The World Christianity Unit invites proposals on the following topics:
Proposals that critically examine the long term global legacies and implications emerging from the 500th anniversary of the Protestant Reformation (1517-2017) for World Christianity, especially from interdisciplinary perspectives and with a particular attention to any of the following:
• developments that explore the expansive and global implications of “reformation” within diverse historic and contemporary contexts, social locations, and modes of expression in World Christianity;
• twentieth and twenty first century reformations that have shifted Christianity’s axis from Europe and North America to Africa, Latin and Central America, as well as Asia and Oceania, while transforming beliefs, practices, and communities worldwide; or
• reform movements, whether successful or unsuccessful, that have emerged through or been impeded by interactions among Christians, or between Christians and other religious, political, social, cultural, etc. groups.
Proposals that seek to identify and critically examine emerging trajectories and/or interdisciplinary innovations in the study of World Christianity. While near colloquialisms now exist that describe recent shifts in location (the centre of gravity has shifted South) and demographic identification (a largely non-Western religion), what does current empirical research project for the future and how are methods (old and new) being used to break new ground?
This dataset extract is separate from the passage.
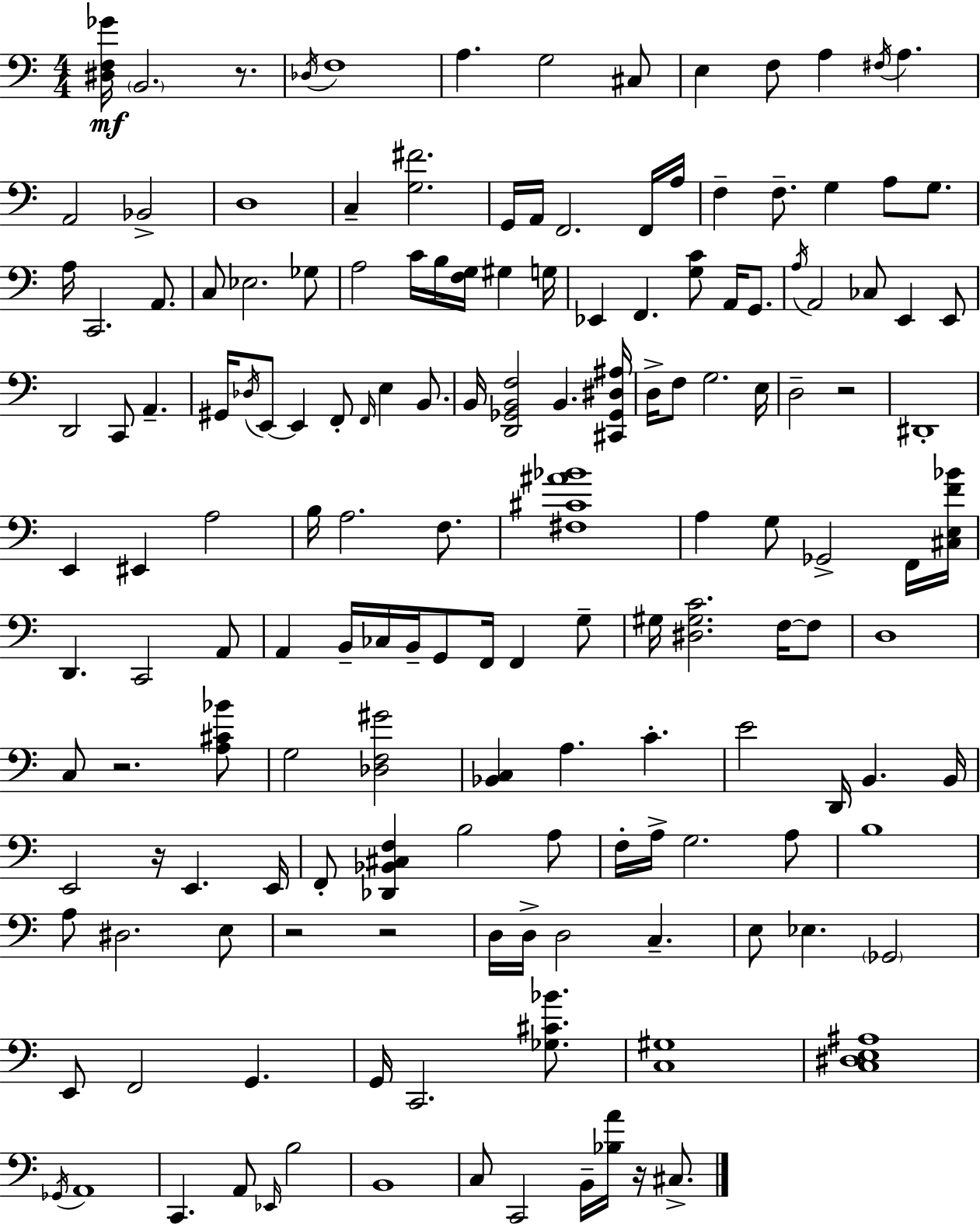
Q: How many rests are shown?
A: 7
Possible topics include:
• emerging demographical and conceptual patterns that help us better understand trajectories in World Christianity;
• cutting edge use of interdisciplinary methods and theories that break new ground either on the local or global level; or
• a reassessment of the analytical toolbox typically used in studies of World Christianity, including terminology, types of evidence, epochal demarcations, borders of any type, etc.
Proposals that critically examine the trailblazing contributions of Robert Schreiter and/or Stephen Bevans and their implications for further development in theology (in a co-sponsored session with the Ecclesiological Investigations Unit). Papers can focus on particular facets of their work, individually or together, such as: on a topic pertaining to the nature, methods, and theoretical resources of contextual theology; on the implications of their work for the advancement of missiology, ecumenism, and interreligious relations; on particular theological issues treated in their works, for example, reconciliation and peace building, or pneumatology; or concentrate on issues in constructing a local theology in a particular context in light of their work.